[NeurIPS 2021]: Are Transformers More Robust Than CNNs? (Pytorch implementation & checkpoints)

Last update: Dec 01, 2022

Related tags

Overview

Are Transformers More Robust Than CNNs?

Pytorch implementation for NeurIPS 2021 Paper: Are Transformers More Robust Than CNNs?
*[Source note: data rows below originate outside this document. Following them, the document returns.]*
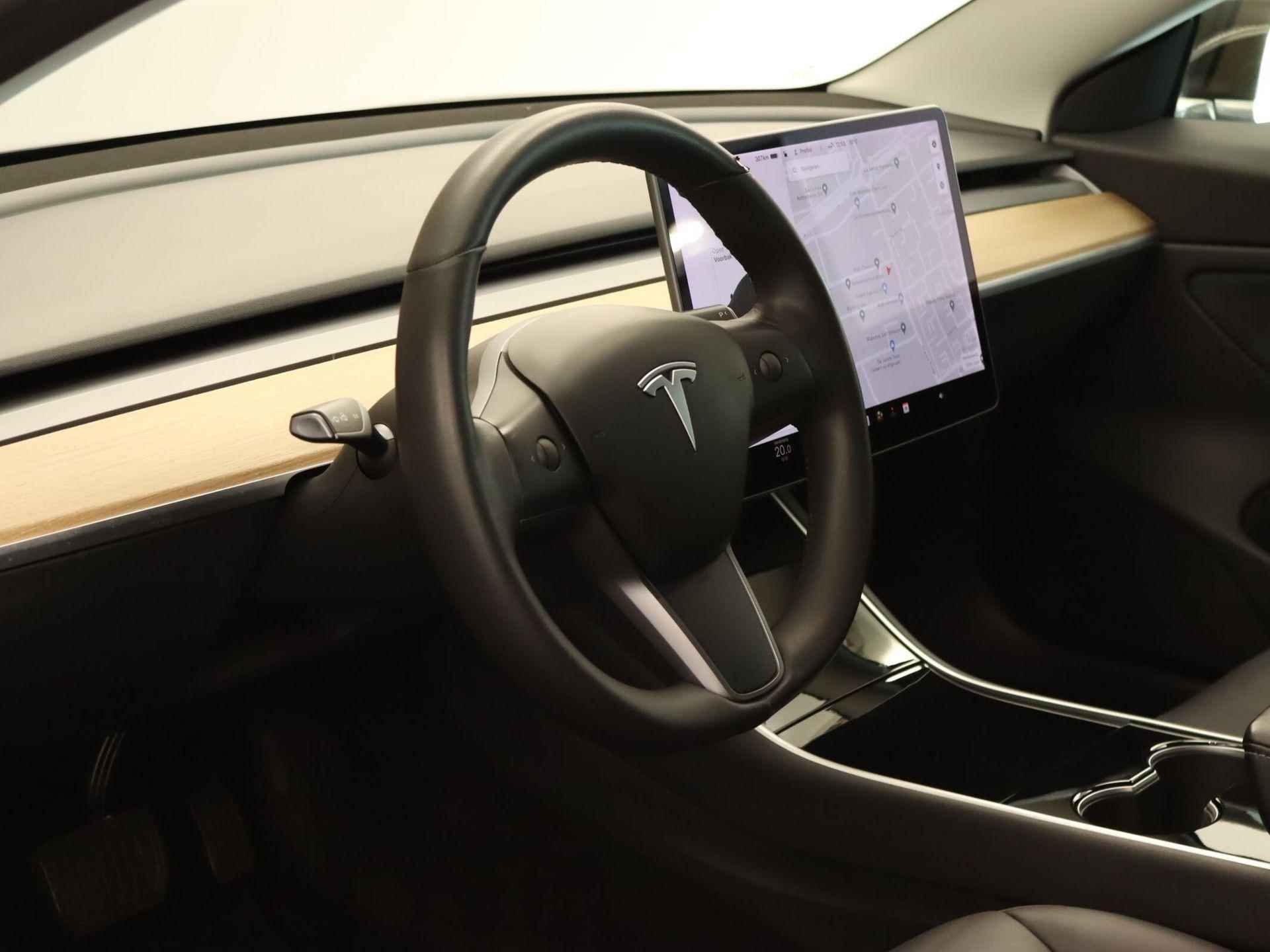 Tesla Model 3 Standard RWD Plus 60 kWh - ORIGINEEL NEDERLANDSE AUTO - AFNEEMBARE TREKHAAK - TREKGEWICHT 1000 KG - PANORAMA DAK - VOORSTOELEN VERWARMD - CLIMATE CONTROL - ELEKTRISCH VERSTELBARE VOORSTOELEN - ELEKTRISCH VERSTELBARE BESTUURDERSSTOEL - 16/33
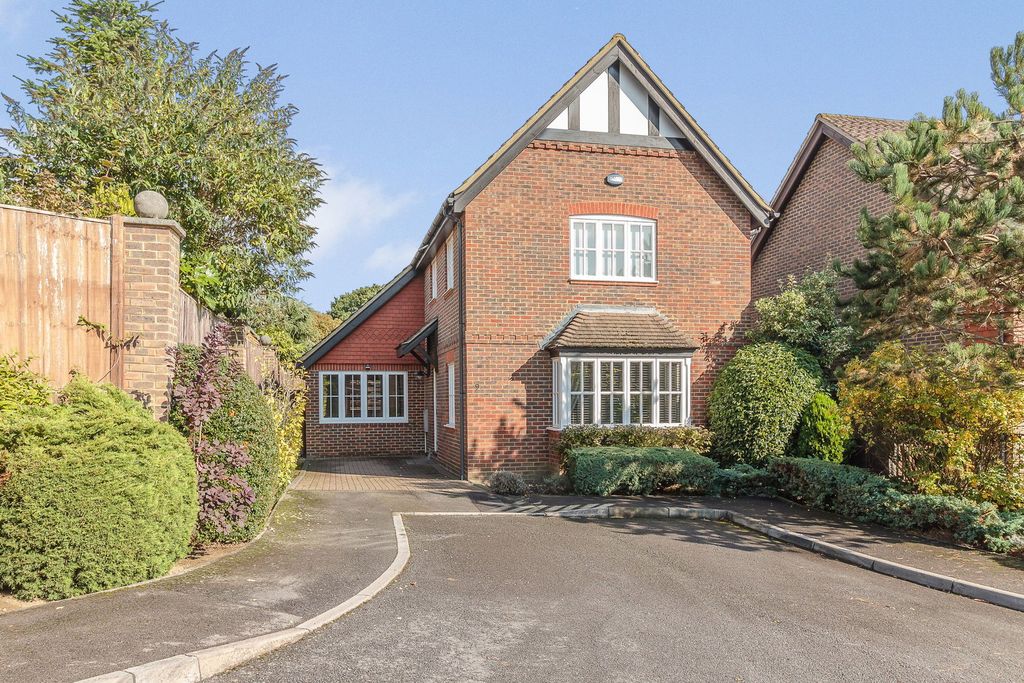 Property photo 1 of 14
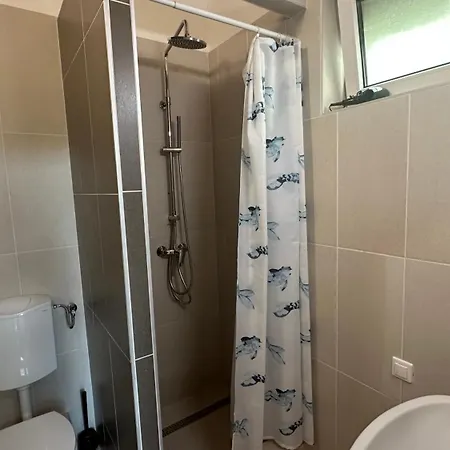 Silver Pool Σίοφοκ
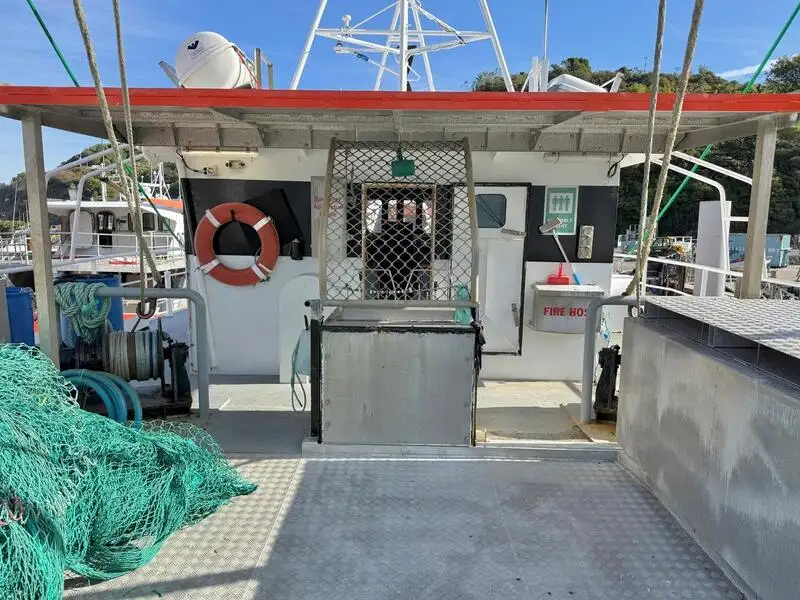 Chalutier de pêche à vendre
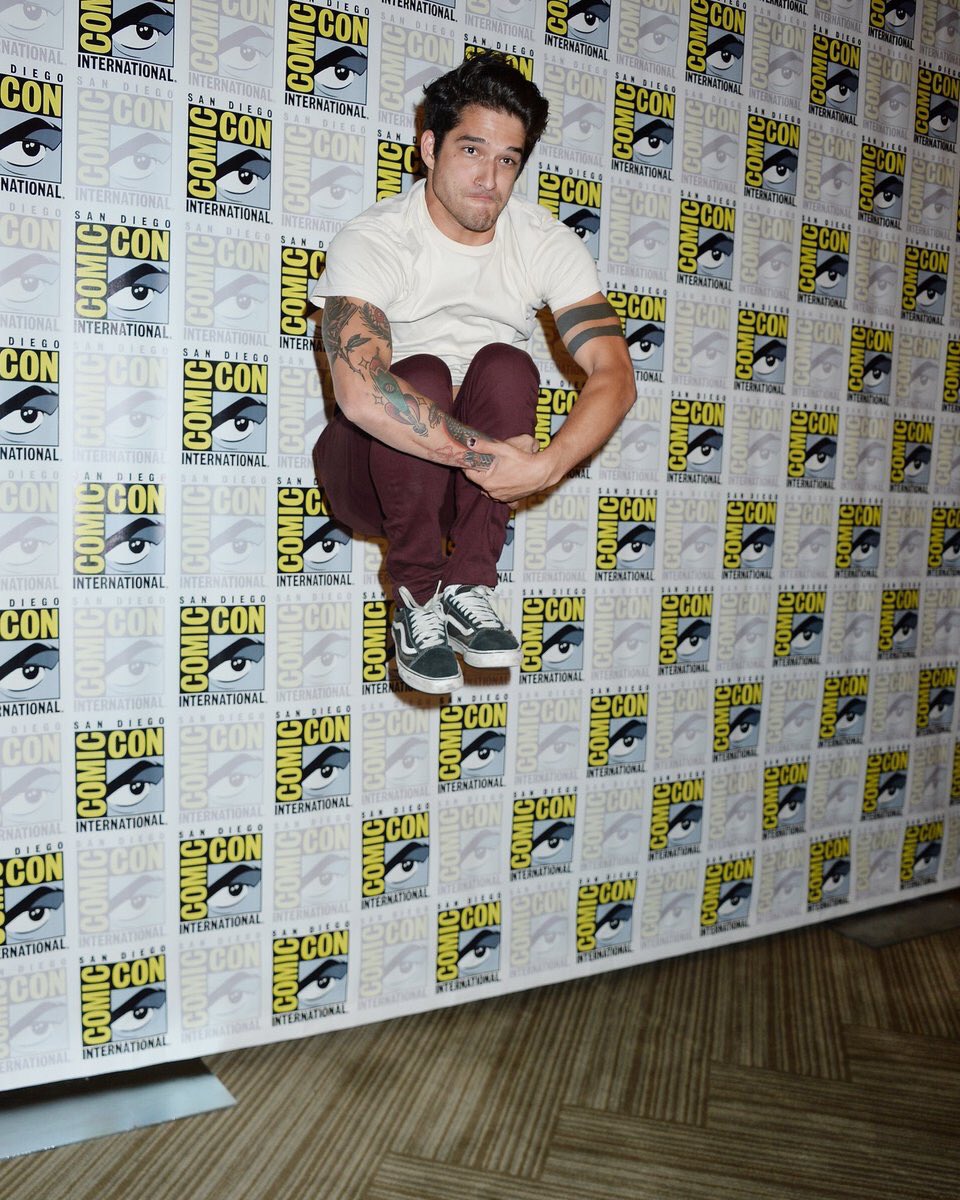 TylerPosey_FR's tweet photo. #NEW #PHOTOS | @tylergposey at the "San Diego Comic Con" today in the press room [21/07/17] https://t.co/rQEzc1Qa0H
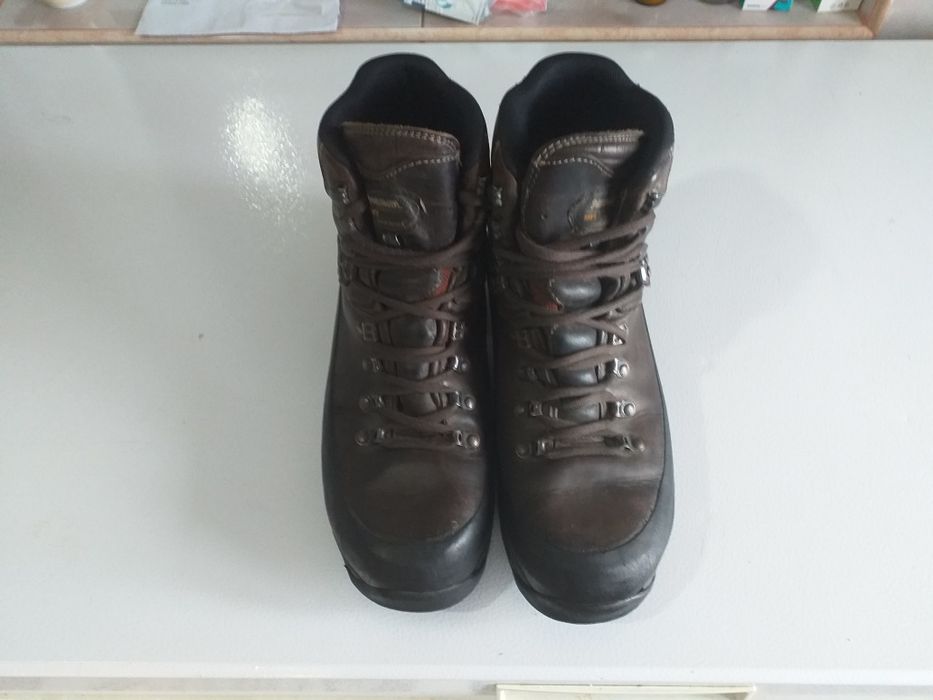 Vând bocanci meindl nr 44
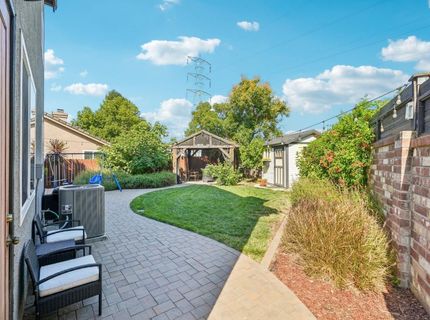 6190 Fieldale Dr, Elk Grove, CA 95758 Photo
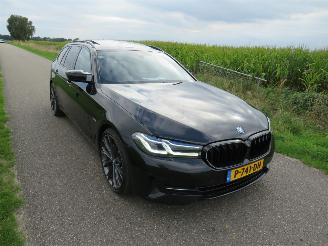 krockskadad bil auto BMW 5-serie 520 e Automaat  Business Edition Plus [ nieuwste type Hybrid Elektriciteit 2022 vol optie 2022/9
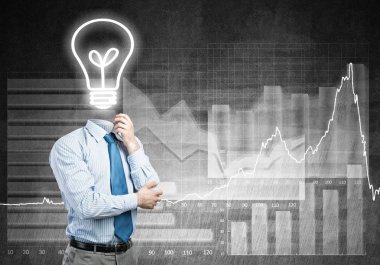 Adam fikrini düşünüyor.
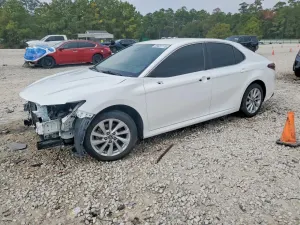 Toyota Camry LE 2.5L 4 2023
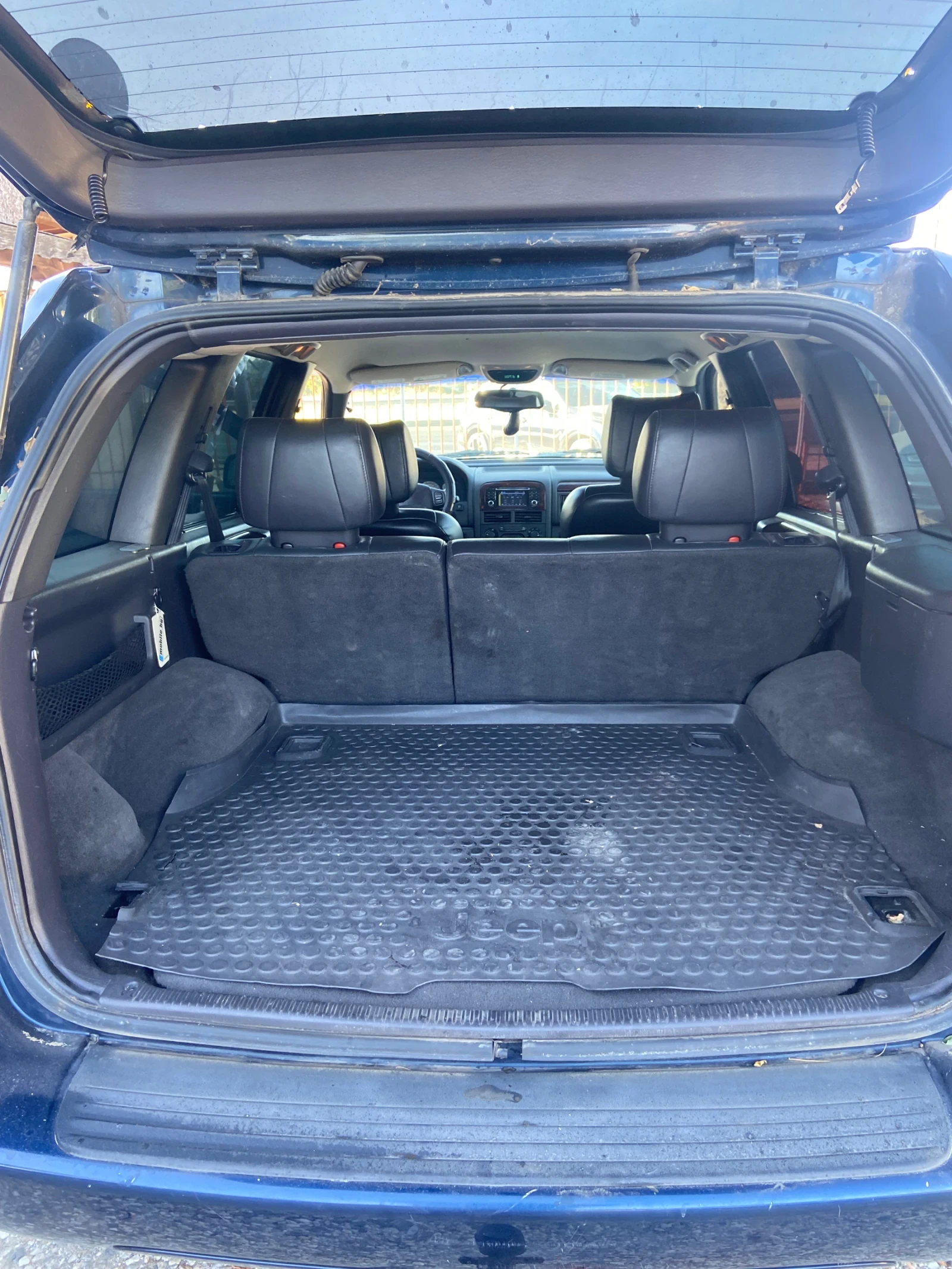 Jeep Grand cherokee 4.7 газ Quadra Drive, снимка 11 - Автомобили и джипове - 55659823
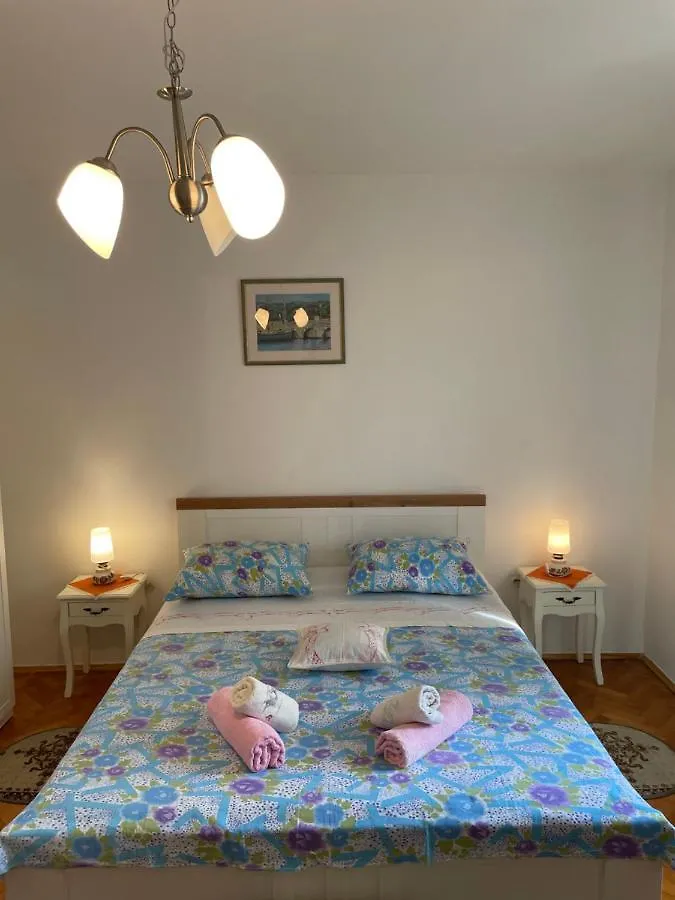 Soul Apartment In Center Split 0*,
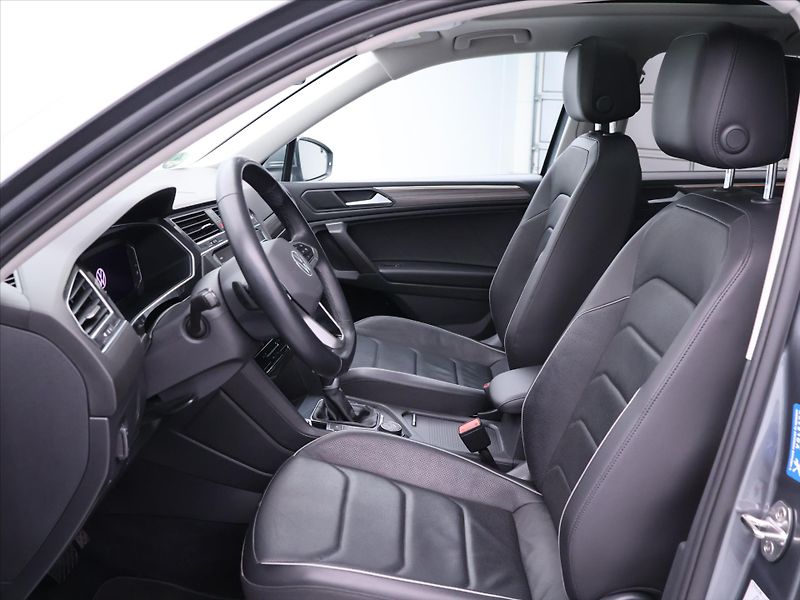 Volkswagen Tiguan Allspace 2,0 TSI 140kW DSG 4M Kůže DPH - fotka 12 z 38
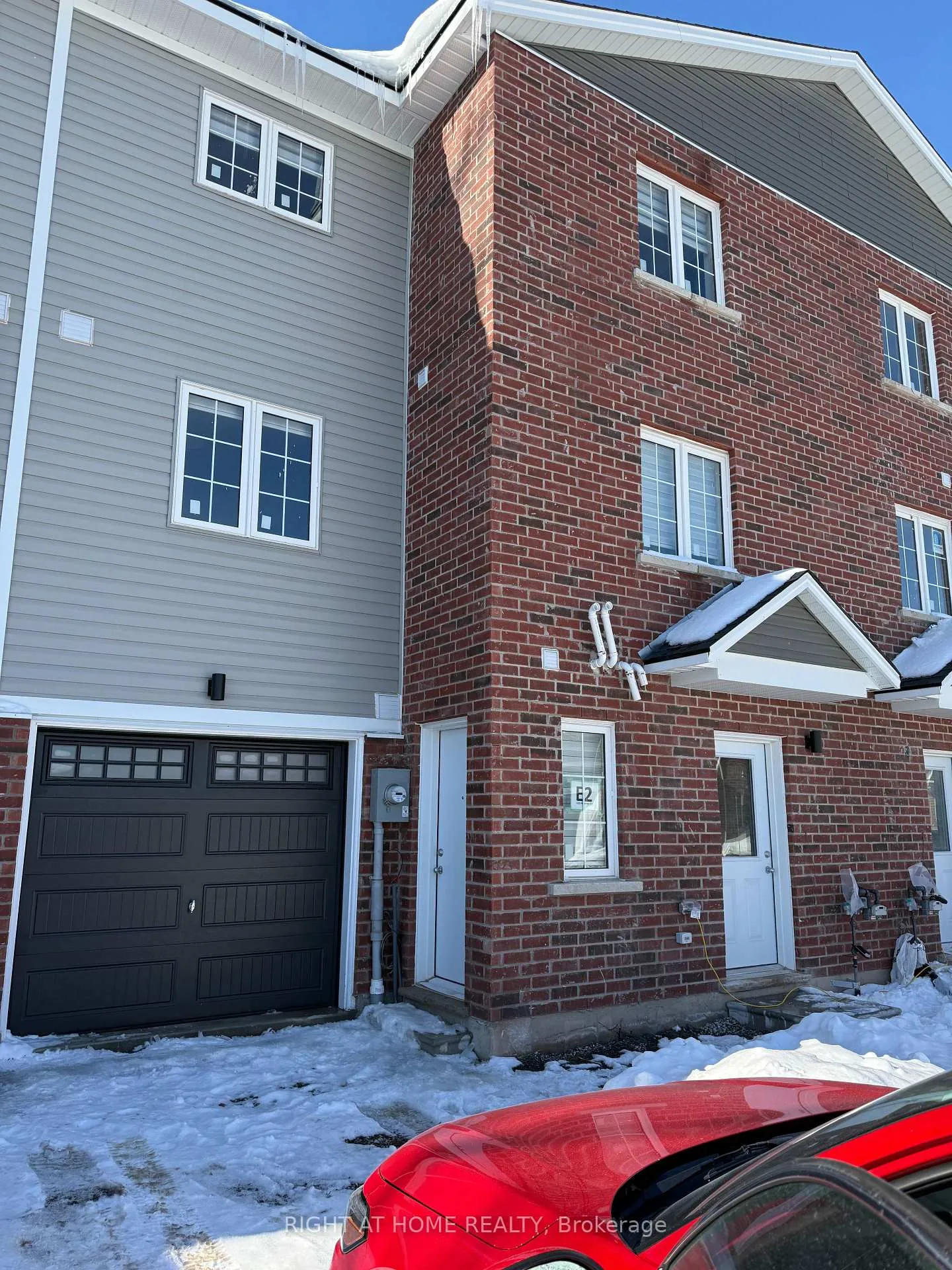 Photo 1 of Unit Lower, 133 Highriver Trail, Welland, Broadway — HOMEH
Our implementation is based on DeiT.

Introduction

Transformer emerges as a powerful tool for visual recognition. In addition to demonstrating competitive performance on a broad range of visual benchmarks, recent works also argue that Transformers are much more robust than Convolutions Neural Networks (CNNs). Nonetheless, surprisingly, we find these conclusions are drawn from unfair experimental settings, where Transformers and CNNs are compared at different scales and are applied with distinct training frameworks. In this paper, we aim to provide the first fair & in-depth comparisons between Transformers and CNNs, focusing on robustness evaluations.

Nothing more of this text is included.